2. Hiervon ausgehend lassen sich die angegriffenen Entscheidungen verfassungsrechtlich nicht beanstanden.

§ 1 Abs. 1 Satz 1 EStG bestimmt, daß natürliche Personen, die im Inland einen Wohnsitz oder ihren gewöhnlichen Aufenthalt haben, unbeschränkt einkommensteuerpflichtig sind. Nach – soweit ersichtlich – allgemeiner Auffassung ist mit „Inland” im Sinne dieser Vorschrift das Gebiet der Bundesrepublik Deutschland in ihren Hoheitsgrenzen gemeint (vgl. etwa BFH, HFR 1974, S. 231 ≪232≫), so daß zum Inland auch solche deutschen Hoheitsgebiete gehören, die als sogenannte Zollausschlüsse (§ 2 Abs. 2 Satz 2 Zollgesetz) einem ausländischen Zollgebiet angeschlossen sind (vgl.

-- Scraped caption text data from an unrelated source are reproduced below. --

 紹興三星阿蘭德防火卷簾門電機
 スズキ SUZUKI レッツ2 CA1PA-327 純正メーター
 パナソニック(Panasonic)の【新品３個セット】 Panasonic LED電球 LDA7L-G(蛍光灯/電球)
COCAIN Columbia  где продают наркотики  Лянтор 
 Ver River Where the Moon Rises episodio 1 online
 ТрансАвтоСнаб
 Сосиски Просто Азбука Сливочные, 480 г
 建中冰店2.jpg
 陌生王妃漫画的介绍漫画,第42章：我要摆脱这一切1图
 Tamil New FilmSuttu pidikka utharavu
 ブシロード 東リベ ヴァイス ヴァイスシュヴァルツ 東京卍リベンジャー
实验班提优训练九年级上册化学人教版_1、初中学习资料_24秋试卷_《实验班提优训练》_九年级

Hartmann/Böttcher/Nissen/Bordewin/, EStG-Komm., Stand: 118. Lfg., 1991, § 1 Rdnr. 47; Herrmann/Heuer/Raupach, EStG-Komm., Stand: 166. Lfg., 1991, § 1 Rdnr. 31; Schmidt/Heinicke, EStG-Komm., 9. Aufl., 1990, § 1 Rdnr. 5).

Unter Zugrundelegung dieser Auffassung haben die Finanzgerichte in den angegriffenen Entscheidungen die Gemeinde Büsingen als „Inland” im Sinne des § 1 Abs. 1 Satz 1 EStG angesehen und damit den Beschwerdeführer als unbeschränkt steuerpflichtig behandelt. Diese Auslegung der einschlägigen Vorschrift läßt einen Verstoß gegen Art. 3 Abs. 1 GG nicht erkennen.

§ 1 Abs. 1 Satz 1 EStG geht in typisierender Weise davon aus, daß derjenige, der einen Wohnsitz im Gebiet der Bundesrepublik Deutschland hat, einerseits im besonderen Maße die Leistungen dieses Staates in Anspruch nimmt bzw. nehmen kann, andererseits aber auch im besonderen Maße zur Deckung des öffentlichen Finanzbedarfs im Rahmen der Einkommensteuerpflicht herangezogen werden darf. Gegen diesen Anknüpfungspunkt lassen sich verfassungsrechtliche Bedenken nicht begründen, denn der Gesetzgeber hat bei der Erschließung von Steuerquellen weitgehende Gestaltungsfreiheit (vgl. BVERFGE 49, 343 ≪360≫; 50, 386 ≪392≫; 65, 325 ≪354≫).

Eine mit Art. 3 Abs. 1 GG unverträgliche Gleichbehandlung des Beschwerdeführers mit den im übrigen Bundesgebiet ansässigen Steuerpflichtigen ist nicht ersichtlich. Die in § 1 Abs. 1 Satz 1 EStG zum Ausdruck kommende Besteuerungsgewalt kann durch den die Gemeinde Büsingen betreffenden Staatsvertrag mit der Schweiz nur insoweit eine Einschränkung erfahren, als der Vertrag selbst solche Einschränkungen zugunsten der Schweiz vorsieht. Da bezüglich des Rechts zur Erhebung der Einkommensteuer keine anderweitige Regelung getroffen wurde, ist nicht erkennbar, warum die Grundregel des § 1 Abs. 1 Satz 1 EStG, wonach für die im Bundesgebiet ihren Wohnsitz unterhaltenen Personen die unbeschränkte Steuerpflicht gilt, im Falle des Beschwerdeführers mit seinem Wohnsitz in Büsingen keine Anwendung finden soll.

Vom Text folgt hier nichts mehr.